Question

Let X equal the outcome (1, 2 , 3 or 4) when a fair four-sided die...

Let X equal the outcome (1, 2 , 3 or 4) when a fair four-sided die is rolled; let Y equal the outcome (1, 2, 3, 4, 5 or 6) when a fair six-sided die is rolled. Let W=X+Y.

a. What is the pdf of W?

b What is E(W)?

Homework Answers

Answer #1

W = X + Y, and X + Y ranges from a minimum value of 2 (1 + 1) to a maximum value of 10 (4 + 6)
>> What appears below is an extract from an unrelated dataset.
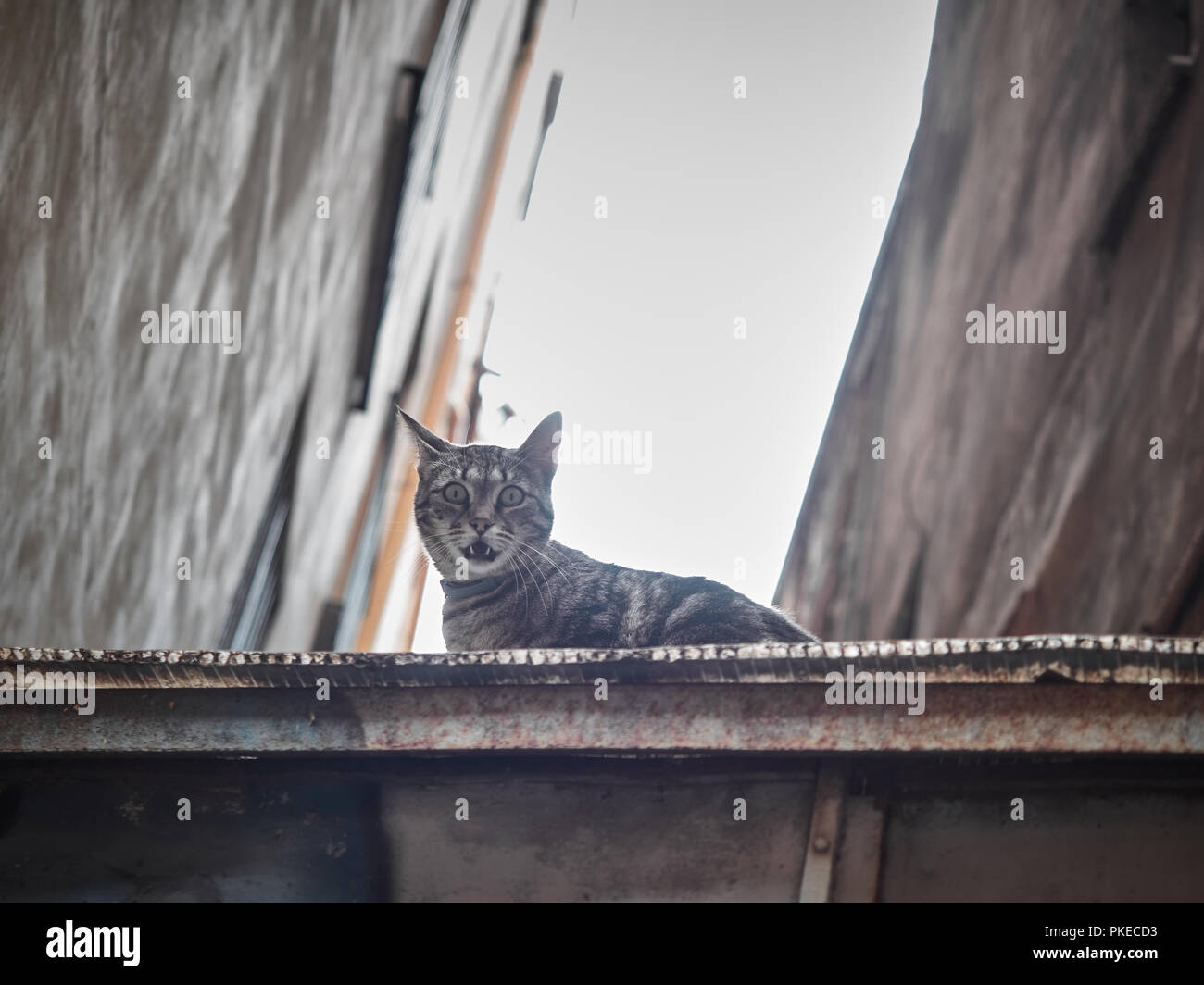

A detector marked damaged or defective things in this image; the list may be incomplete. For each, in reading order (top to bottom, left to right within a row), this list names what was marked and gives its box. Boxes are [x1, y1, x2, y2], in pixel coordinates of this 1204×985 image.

rusty metal beam [0, 679, 1198, 755]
Total outcomes = 4 * 6 = 24

P(Sum = 2) = (1,1) = 1/24

P(Sum = 3) = (1,2) (2,1) = 2/24 = 1/12

P(Sum = 4) = (1,3) (3,1) (2,2) = 3/24 = 1/8

P(Sum = 5) = (1,4) (4,1) (2,3) (3,2) = 4/24 = 1/6

P(Sum = 6) = (1,5) (2,4) (4,2) (3,3) = 4/24 = 1/6

P(Sum = 7) = (1,6) (2,5) (3,4) (4,3) = 4/24 = 1/6

P(Sum = 8) = (2,6) (3,5) (4,4) = 3/24 = 1/8

P(Sum = 9) = (3,6) (4,5) = 2/24 = 1/12

P(Sum = 10) = (4,6) = 1/24

(a) Therefore the pdf is as below

W 2 3 4 5 6 7 8 9 10
P(W) 1/24 1/12 1/8 1/6 1/6 1/6 1/8 1/12 1/24

(b) Expected value = SUM [E - P(W) ] = (2 * 1/24) + (3 * 1/12) + (4 * 1/8) + (5 * 1/6) + (6 * 1/6) + 7 * (1/6) + (8 * 1/8) + (9 * 1/12) + (10 * 1/24)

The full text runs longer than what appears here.